1. Dans une carte blanche donnée au Soir, Geoffrey Pleyers affirme de façon argumentée et crédible que des personnes âgées malades du COVID-19 sont mortes dans les maisons de repos belges alors qu’elles auraient pu être sauvées si des soins leur avaient été prodigués en milieu hospitalier.
  2. L’auteur nous informe que le taux d’occupation des unités de soins intensifs n’a jamais dépassé 54%.
  3. Il s’en suit que des personnes sont mortes faute de soins, alors que ces derniers auraient pu leur être prodigués.
  4. L’auteur interprète cette situation comme étant le résultat de la crainte de voir dans les hôpitaux belges se reproduire les scènes dramatiques vécues dans des hôpitaux italiens et français, où les équipes médicales ont dû choisir entre les malades qu’il fallait sauver ceux que l’on laisserait mourir.
  5. Cette crainte aurait conduit les autorités à opter pour un tri moins visible qui aurait consisté à sacrifier les personnes âgées résidant dans les maisons de repos au bénéfice du reste de la population. Une autre explication consisterait à affirmer que le discernement des autorités aurait été aboli et qu’elles n’auraient pas compris ce qu’elles faisaient.
  6. Les énoncés contenus dans 5 sont des conséquences logiques de la démonstration de l’auteur. Ce dernier ne les formule pas de façon explicite.
  7. Des responsabilités individuelles paraissent ainsi devoir être recherchées, celles de ceux qui, par action ou par omission, ont causé la mort d’un nombre important de personnes âgées qui auraient pu être sauvées.

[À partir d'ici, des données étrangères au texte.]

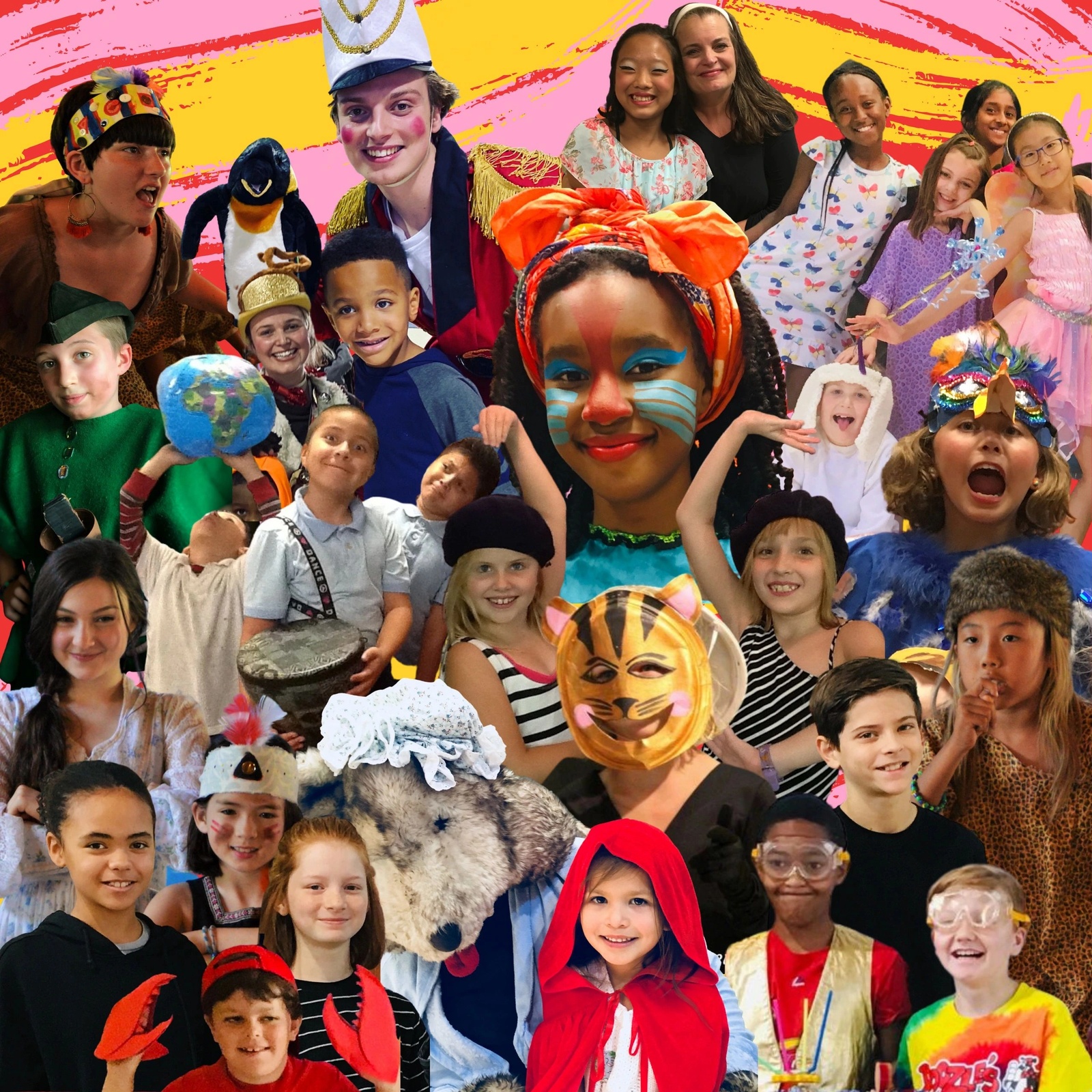 Children's program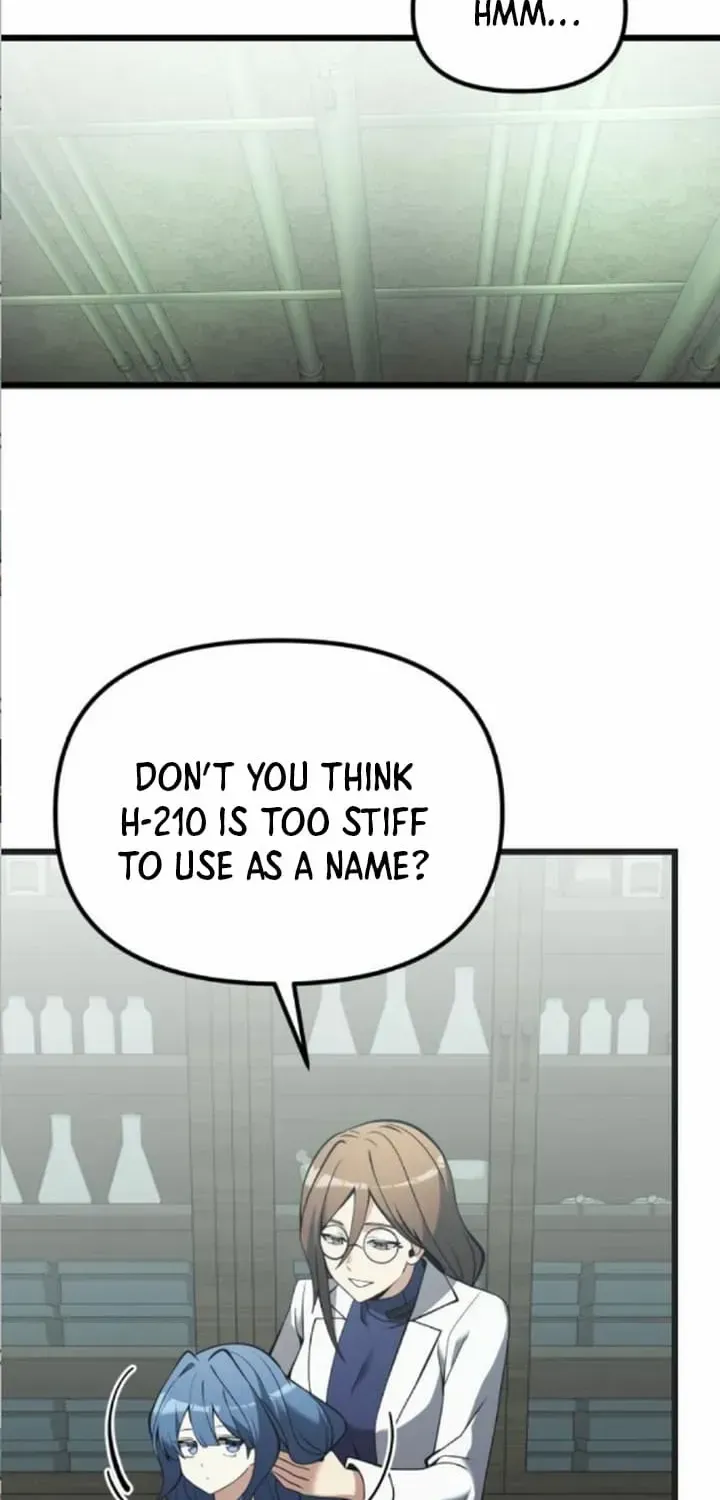 Terminally-Ill Genius Dark Knight Zinmanga X Chapter 85 Page 42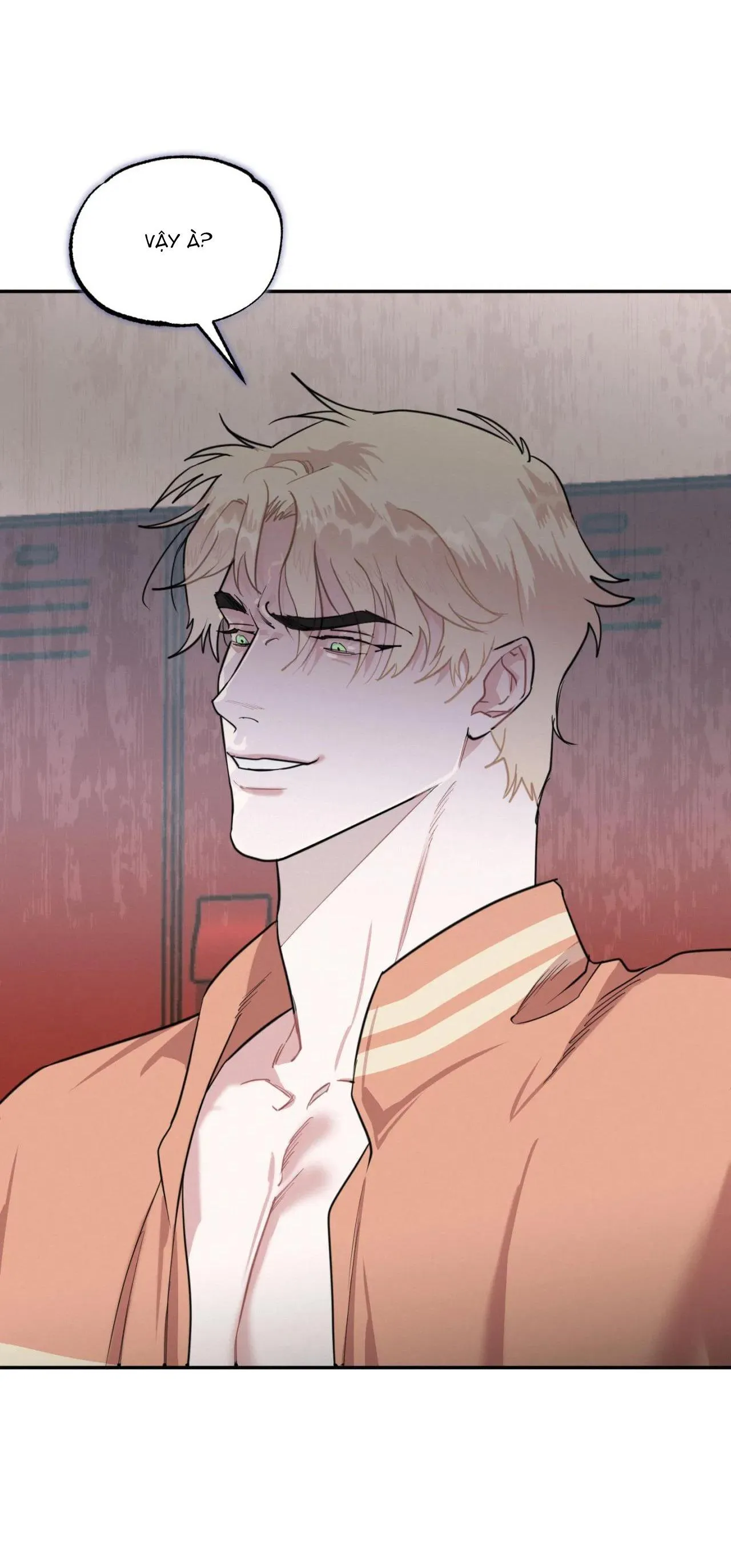 LỜI NÓI DỐI ĐẪM MÁU Chapter 19 Trang 41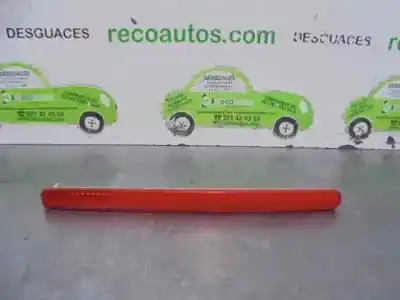 Peça sobressalente para automóvel em segunda mão FAROLIM TRASEIRO DIREITO por SEAT IBIZA (6J5)  Referências OEM IAM 6J3945096F  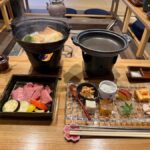 Calligraphy Lesson, Massage, and Kobe Beef Lunch in Kobe - What to Expect: Practical Details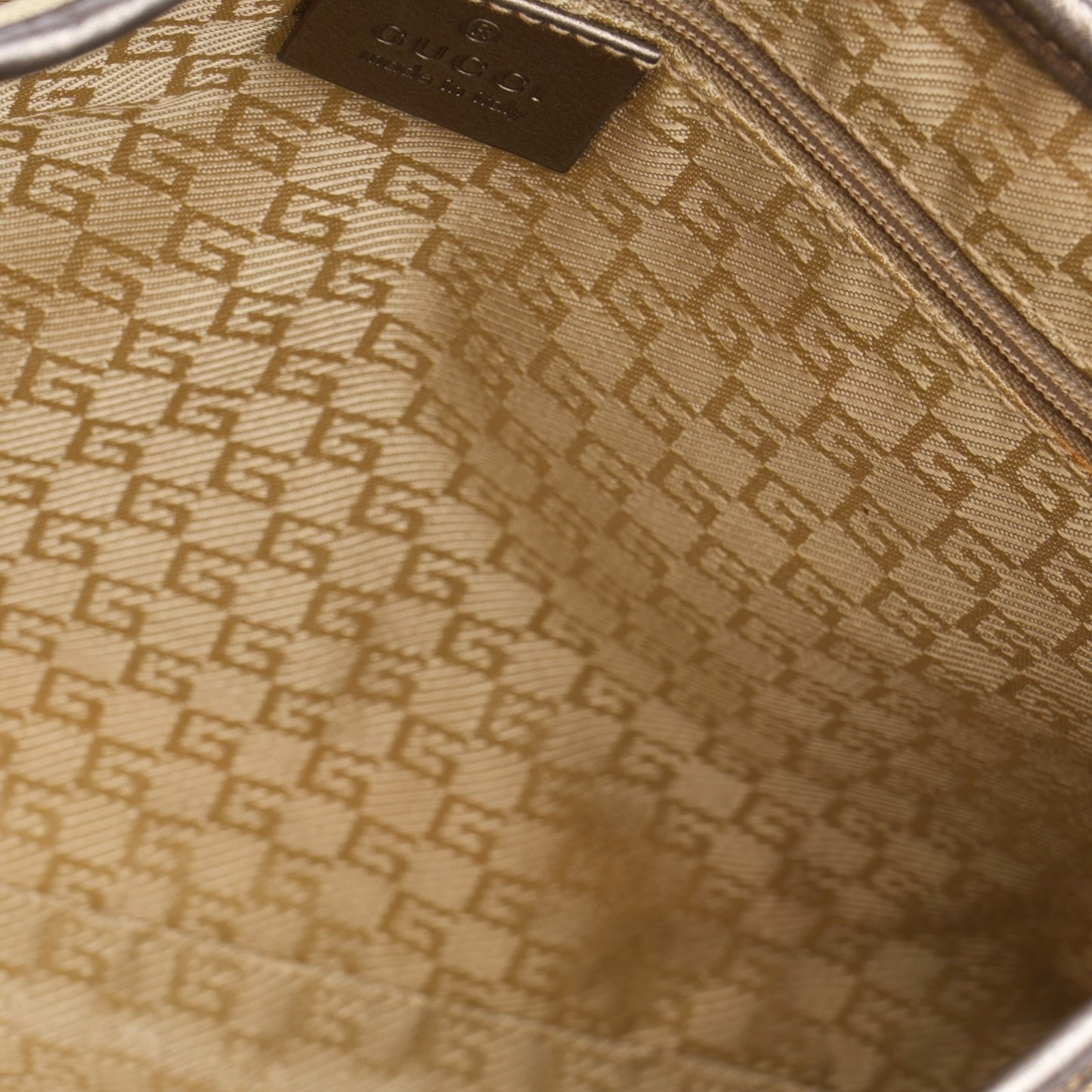 Gucci Jackie Shoulder Bag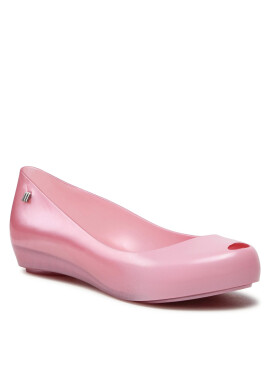 Melissa Балеринки Ultragirl Basic III Ad 33775 Розов - Pepit.bg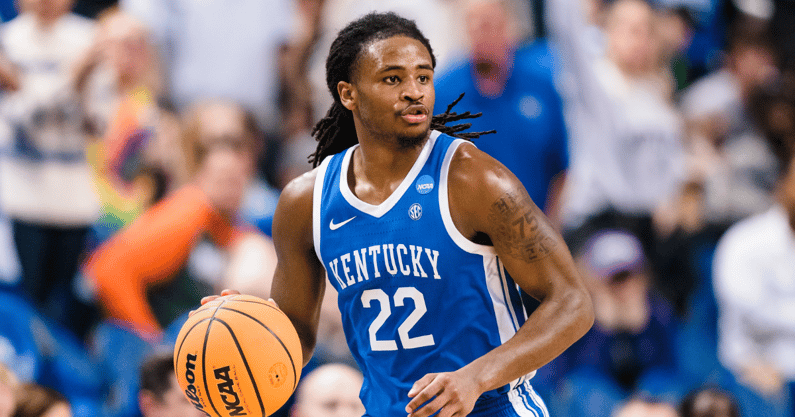 where-cason-wallace-projects-nba-draft-post-ncaa-tournament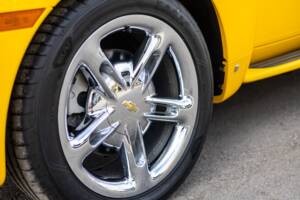 Imagen 16/50 de Chevrolet SSR (2006)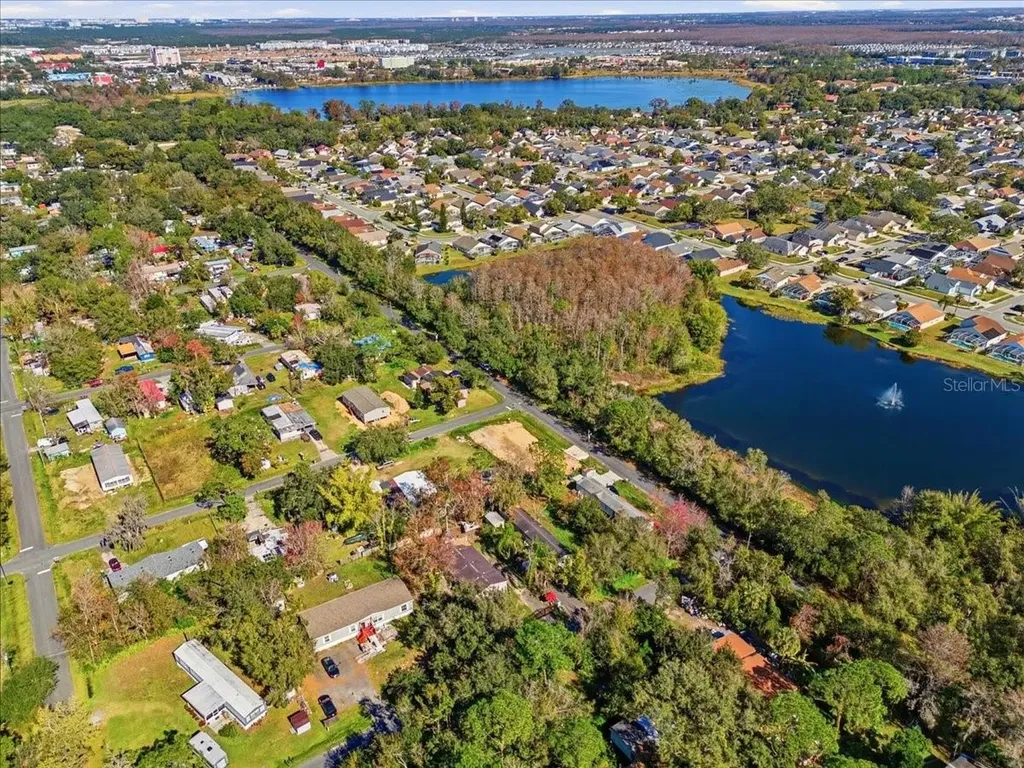 0 Howison Road Kissimmee FL 34746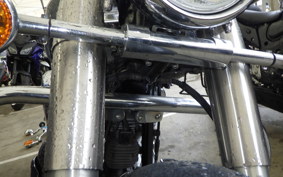 YAMAHA XV1600A WILD STAR 2004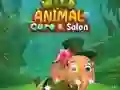 游戏Wild Animal Care & Salon在线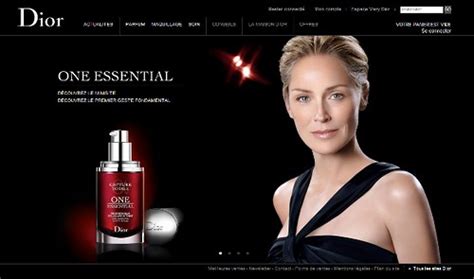 site officiel dior france|diorwebsite.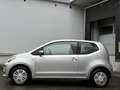 Volkswagen up! move up! Automatik-Getriebe Sitzheizung Silber - thumbnail 3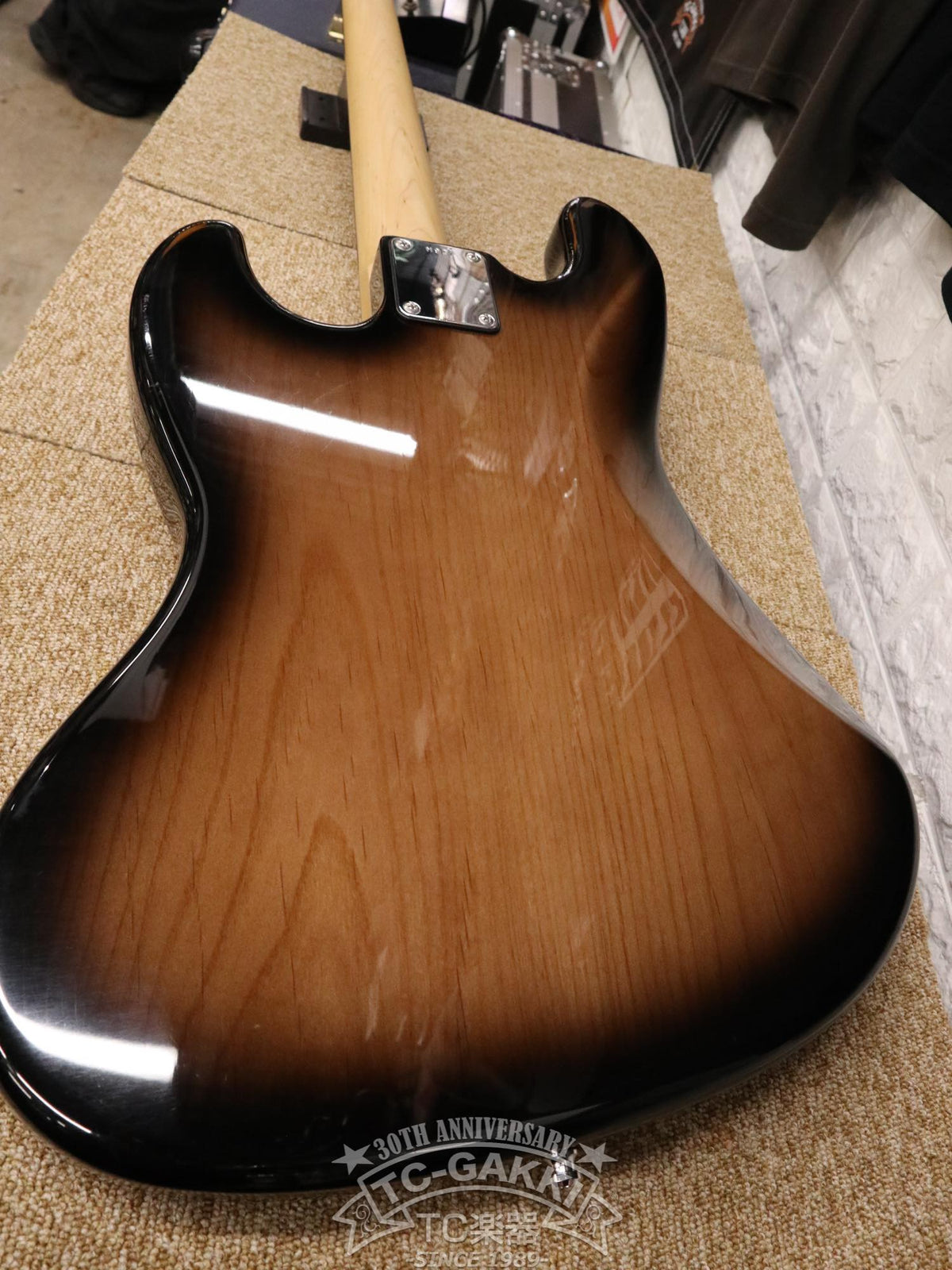 SONIC 2019 SJB 4st Model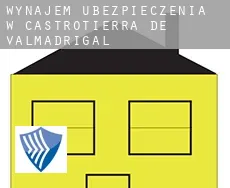 Wynajem ubezpieczenia w  Castrotierra de Valmadrigal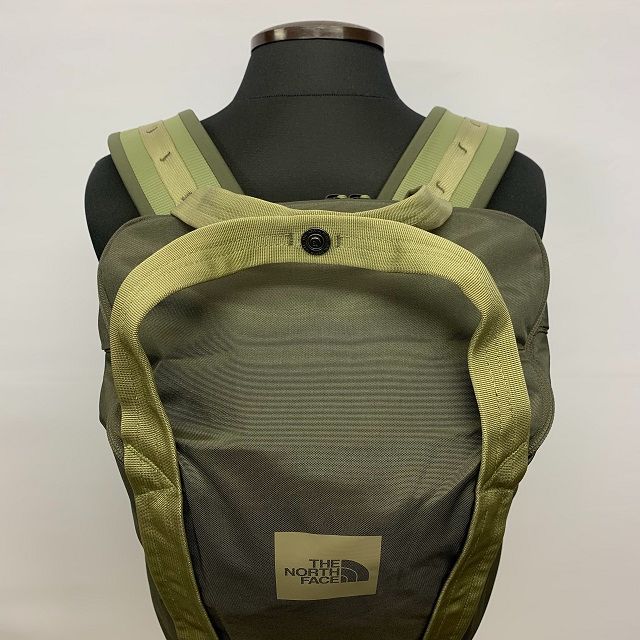 新品未使用！ THE NORTH FACE INSTIGATOR 20 BACKPACK ザ ノース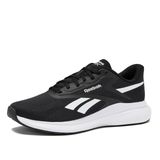 Reebok Energen Run 4 Erkek Koşu Ayakkabısı, Hafif Atletik Erkek Spor Ayakkabısı Beden 6,5 ila 14, Siyah/Beyaz, 45 EU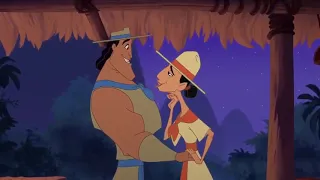 Kronk’s New Groove - Let’s Groove Tonight (HD)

  8. L’auteur évoque plusieurs causes qui peuvent expliquer la situation qu’il décrit et affirme que celles-ci [les causes] ne peuvent être réduites à des responsabilités politiques individuelles.
  9. Il reste néanmoins que ne pas rechercher les responsabilités individuelles de ceux qui ont fait naître cette situation constituerait une grave faillite collective.
  10. Certes, aucun comportement ne peut être expliqué pour des motifs purement individuels, tout comportement s’insère dans un réseau social dont il est indissociable.
  11. Cependant, la responsabilité individuelle existe. Il s’agit d’une fiction qui est la pierre angulaire de tout système pénal.
  12. La recherche de causes systémiques ou sociologiques est indispensable. Elle ne saurait se faire, cependant, au détriment de la recherche des responsabilités pénales ou personnelles.
  13. Dès lors, l’argument de l’auteur peut être transformé en un énoncé non moins valable que le sien, qui serait le suivant : celles-ci [les causes] ne peuvent être réduites à des responsabilités collectives ou impersonnelles.
  14. Nous sommes ici confrontés à la question de la causalité. Les acteurs sociaux ont tendance à privilégier les causes qui relèvent de leurs spécialité ou qui les épargnent.
  15. Il faut noter aussi que l’enquête pénale permet de mettre en branle de mécanismes de recherche de la vérité dont ne dispose pas l’enquête sociologique.
  16. La valeur pédagogique d’un procès pénal ne doit pas être mésestimée.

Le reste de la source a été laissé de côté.